Writing a book is hard... that's why people do it

Amanda Goetz is a serial entrepreneur, startup executive, athlete, and mother. She also just completed the manuscript for her first book. According to Goetz, it was “a top 10 hardest thing I’ve ever done.” 

One of my favorite quotes comes from Dorothy Parker : “I hate writing, but I love having written.”

Writing is hard. Writing a book is the marathon of the writing craft. Writing a great book is more akin to creating an artistic masterpiece or Unicorn startup. It’s nearly divine. But it starts with a lot—I repeat, a LOT—of hard work.

And that’s why people do it.

A certain subset of humans have never shied away from hard things. Writing a book ranks among the pantheon of intellectual feats that still inspires awe after 600+ years. And despite the flourish of content machines at our disposal today, I don’t expect book-writing to go away anytime soon. In fact, books may be on the upswing as people take back their attention from social media and seek our more intentional uses of their time.

As a publisher, I think a lot about AI and its use-cases in the book world. Yes, there are people who claim they can use AI to churn out a book in days, even hours. And while their claims become more true by the day, it doesn’t take away from the feat of writing a book the old fashioned way: collecting enormous amounts of research and experiences and distilling it into a narrative that enthralls.

Just like the car didn’t replace the marathon race (if anything, this convenience made running more popular than ever), AI will not replace the writer, and certainly not the author.

A rare connection

As long as there is a human desire to connect with others, there will be books. Humans aren’t just social creatures, but communicators by nature. We crave connection with others—it’s why our brains treat social media like sugar or heroin. It’s feeds our dopamine receptors the way fast food feeds our stomachs: cheaply and endlessly.

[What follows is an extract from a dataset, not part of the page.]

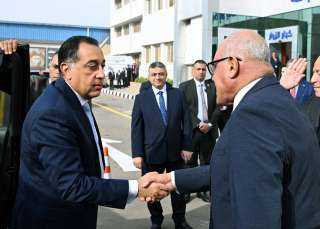 رئيس الوزراء يتفقد أعمال تطوير مصنع عربات السكك الحديدية ومترو الأنفاق ”سيماف” بحلوان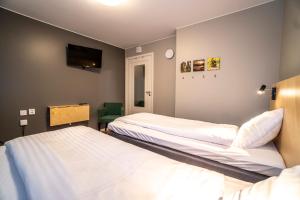 Ένα ή περισσότερα κρεβάτια σε δωμάτιο στο JBP Hotell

But books… books are connections of a highest order. Because they are so hard to write, only authors with something truly worthwhile to say will bother writing them (and I’m explicitly referring to good books written for their own sake, not the “business card” books churned out by vanity publishers and content mills).

The process of researching, writing, distilling, re-writing, editing, and packaging work to craft a keen message that is rare in the world today. Yes, there may be a fast food joint on every corner, but they only serve to amplify the spectacular restaurant experience, not take away from it. Social Media and junk food content only makes books more desirable and more important—thus, there will always be people eager to write them.

I wrote my book, Great Founders Write, after 5 years of working with founders and startups on marketing content. I saw a problem over and over again: the smartest founders struggled to share their knowledge in interesting and concise ways. I wrote the book because I wanted to help these founders and felt like I was qualified to do so. It still took me two years to write and publish.

Writing books are hard. Which is exactly why they are worth writing—and reading.